Work instructions:
Output the data in full. Keep every word exact and exclude the pictures.

[Extracted records]

==========

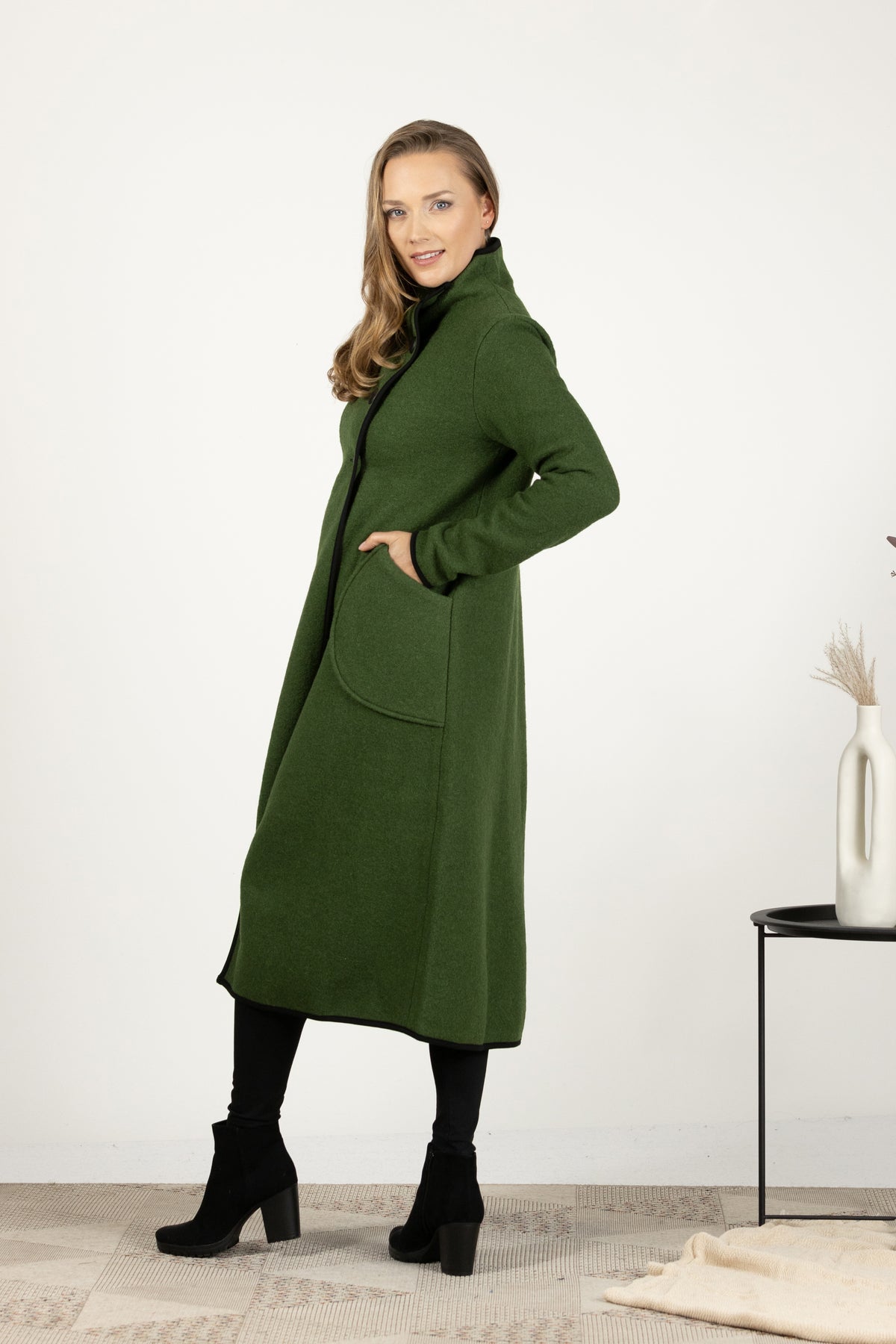 Back view of Elegant wool coat in raspberry with high neckline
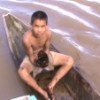 A boy holds up oil sludge from the Marañón River in the Peruvian Amazon. Credit: Federación de Comunidades Nativas del Río Corrientes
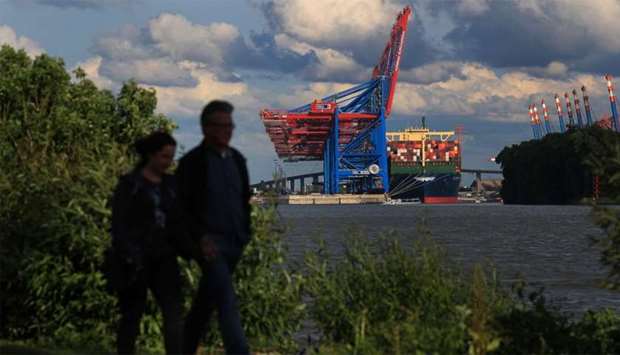 People walk on trail as a container ship sits moored at the HHLA Container Terminal Burchardkai at the Port of Hamburg.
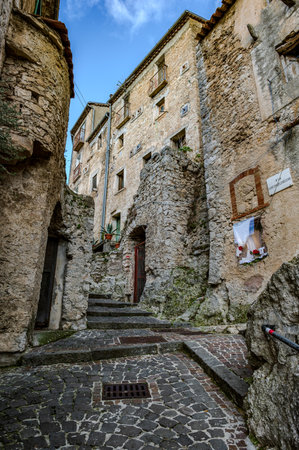 Pesche, village in the province of Isernia, in Molise, perched along the steep slopes of Mount San Marco, a white spot against the green of the mountain and the gray of the stones.の写真素材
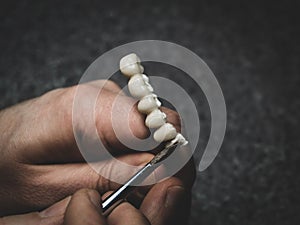 A dental technician makes a prosthetic teeth. laboratory. close-up.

==========

Response to the task:
 Back view of Elegant wool coat in raspberry with high neckline
 A boy holds up oil sludge from the Marañón River in the Peruvian Amazon. Credit: Federación de Comunidades Nativas del Río Corrientes
 People walk on trail as a container ship sits moored at the HHLA Container Terminal Burchardkai at the Port of Hamburg.
 Pesche, village in the province of Isernia, in Molise, perched along the steep slopes of Mount San Marco, a white spot against the green of the mountain and the gray of the stones.の写真素材
 A dental technician makes a prosthetic teeth. laboratory. close-up.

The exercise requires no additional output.